(TASK ITEM) Everything from the line with "Apple Weekly Sticker" to the line with "YESWELDER Spawarka TIG" in the listing below, both lines included, needs to be copied exactly, apart from the pictures.

(EXTRACTED RECORDS)
--- START ---
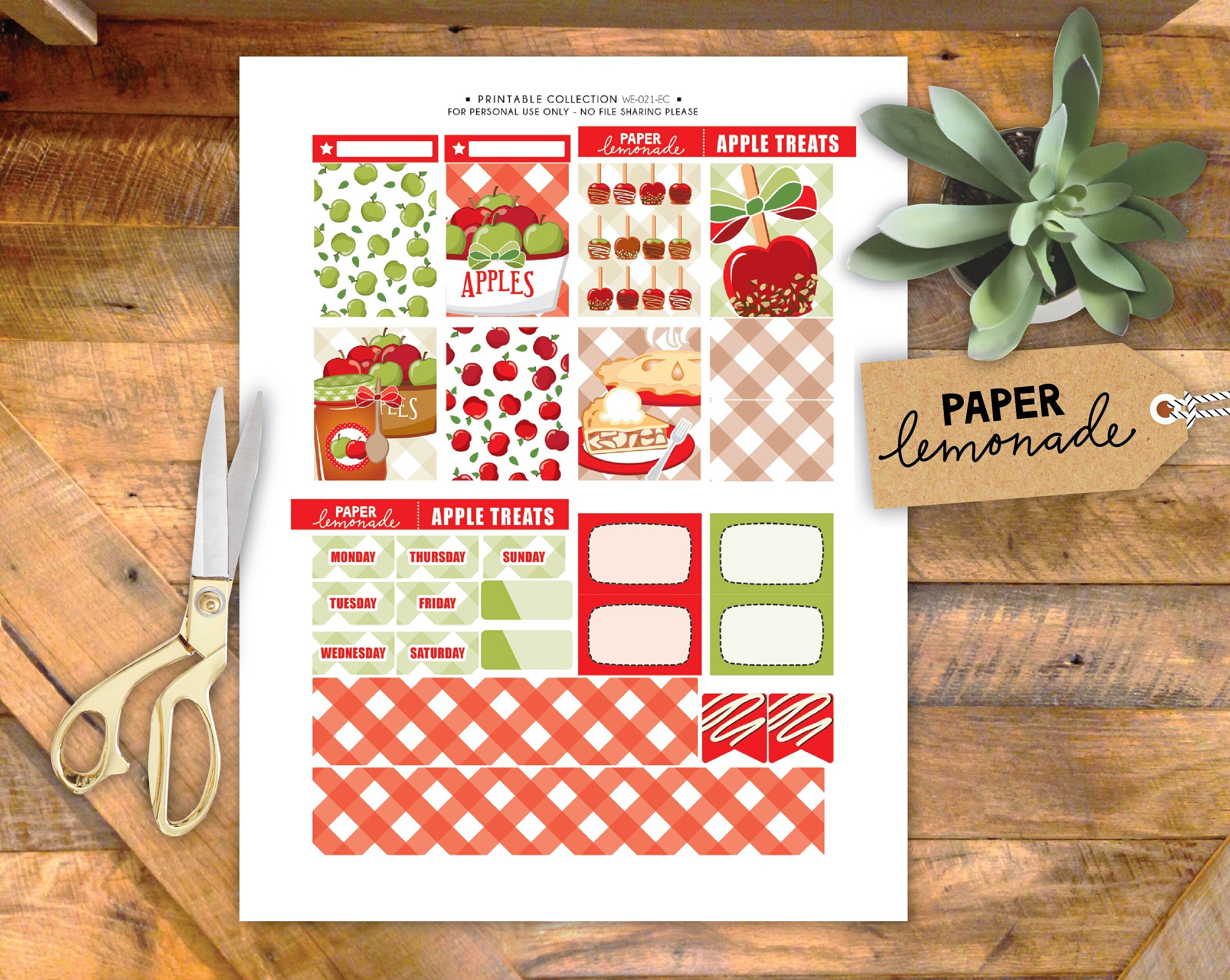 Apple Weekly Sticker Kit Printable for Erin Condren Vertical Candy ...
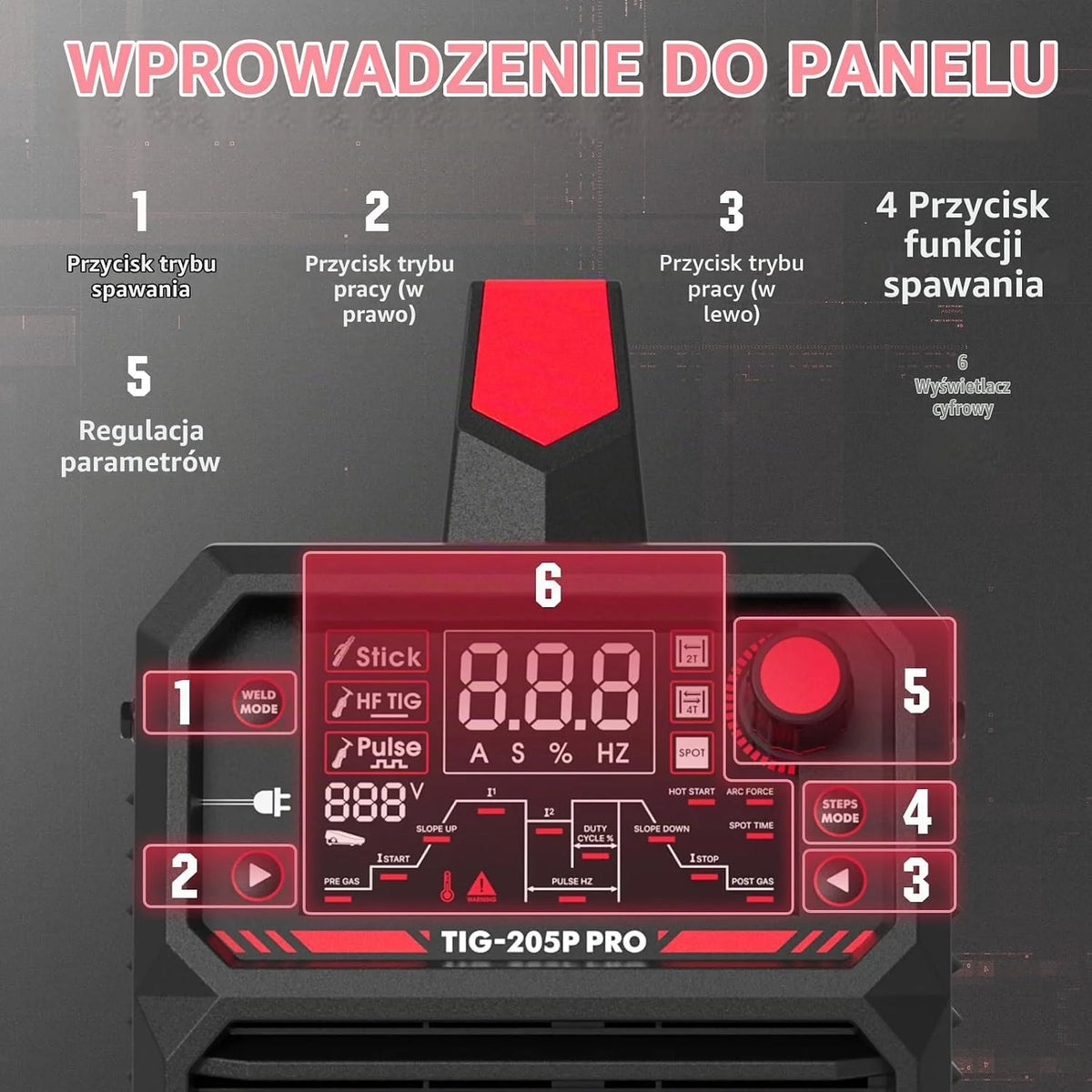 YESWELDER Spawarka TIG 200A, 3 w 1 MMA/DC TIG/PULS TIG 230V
--- END ---
--- START ---
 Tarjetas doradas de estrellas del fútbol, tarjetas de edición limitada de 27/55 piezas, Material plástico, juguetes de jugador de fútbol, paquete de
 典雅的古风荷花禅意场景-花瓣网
--- END ---
(SOLVED EXERCISE)
 Apple Weekly Sticker Kit Printable for Erin Condren Vertical Candy ...
 YESWELDER Spawarka TIG 200A, 3 w 1 MMA/DC TIG/PULS TIG 230V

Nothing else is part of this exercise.